Программа-минимум предполагала обнаружить хотя бы две-три пусть даже незначительных трубы, чтобы притащить их к месту сбора и убедить всех в существовании грандиозной кучи. А затем привести отряд на пустырь, ткнуть пальцем в землю, гордо заявить, что вот тут-то она и лежала, и свалить ее отсутствие на происки соседней школы. После чего можно укоризненно взглянуть на вожатую и грустно высказать свои соображения о том, что отряд, несомненно, занял бы первое место, если бы Кольку и Володьку вовремя послушались и не ругали понапрасну.
Но это потом, а сейчас срочно требовалась труба, или лопата, или грабли с отломанными зубцами. Вся беда состояла в том, что активные действия пионеров исключали наличие бесхозно валяющегося металла в радиусе пяти километров от Кольки с Володькой, а тащиться еще дальше страсть как не хотелось. Оставался единственный выход - временно позаимствовать парочку железных предметов в одном из ближайших сараев. Самый близкий из них, в тени которого они стояли, был сарай Кузьминичны.
Старухе нездоровилось, и поэтому она не шаталась по двору, не копошилась над грядками, а лежала себе спокойно в избе, изредка поднимаясь, чтобы доковылять до магазина. Значит, не составляло особого труда забраться в сарай, похитить что-нибудь из железного хлама, валяющегося там, предоставить веские доказательства, а вечерком потихоньку вернуть украденное на место.
Замечательный план, как говорится, без сучка, без задоринки. Обрадованные заговорщики весело перелезли через забор и погрузились в заросли крыжовника.
Хитрый куст - крыжовник. Крупные зеленые ягоды так и манят к себе, но лишь забудешься, как острые колючки вцепятся в штаны, да оцарапают босые ноги. Чертыхаясь шепотом, друзья прокрались вдоль стены сарая и, наконец, очутились возле его двери.
И вдруг залитая солнцем медовая тишина взорвалась оглушительным каскадом. Громыхнуло так, будто на жестяной пол посыпались две дюжины пудовых гирь. Содрогнулась земля, подбросив Кольку и Володьку. И через секунду они уже сравнивали колючки крыжовника с не менее острыми иголками шиповника, очутившись в самой середине меж двух кустов.
Впрочем, не все оказалось так плохо. Дверь сарая не закрылась, и друзья прекрасно видели то, что происходило внутри.
Странное синее облако клубилось под потолком, освещая Кузьминичну, бодро кружащуюся вокруг чего-то, скрытого кучей хлама. Отсюда виднелся лишь коричневый тазик, да четыре ножки табуретки, выставляющиеся из-под залатанного покрывала неопределенного цвета, казавшегося теперь серовато-голубым.
Заинтересованный Володька выполз из кустов, расцарапавшись, где только возможно, и тихонько подобрался к двери.
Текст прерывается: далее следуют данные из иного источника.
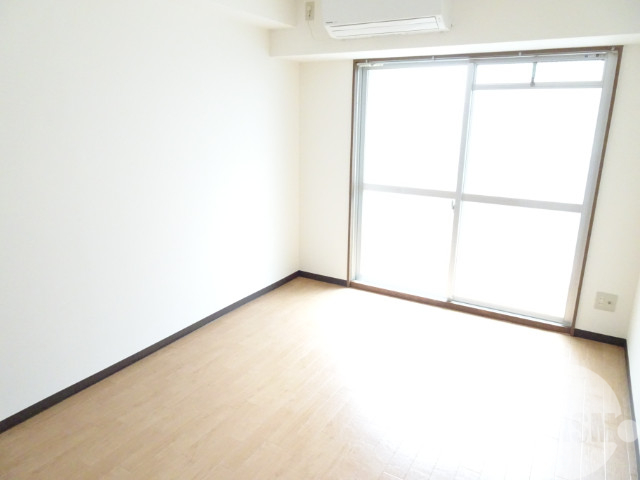 居室・リビング　明るいお部屋です♪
Колька, несколько напуганный, после минутного раздумья двинулся за ним. Володька тем временем напряженно уставился в проем.
Колька встал в полный рост, осторожно заглянул туда и почувствовал, как зашевелились волосы на его голове. Крик уже готов был вырваться из горла, а затем он чуть было не проглотил язык, когда Володька, видя испуг друга, яростно зашептал: "Тише ты. Мертвяки!"
До ужаса простая картина представилась глазам пионеров. Кузьминична кружила вблизи двух трупов, что-то зловеще шептала над ними, брызгала зеленоватой жидкостью. Покойнички выглядели свежими, вот только одежда вся измаралась в глине, словно Кузьминична недавно выкопала их из-под земли.
Немного погодя успокоился Колька. И в самом деле, ничего особенного: покойники как покойники. Что, он мертвецов не видел раньше? Колька уже с каким-то зловещим интересом рассматривал столь необычных гостей, как вдруг один из них внезапно открыл глаза и повернулся к Кольке.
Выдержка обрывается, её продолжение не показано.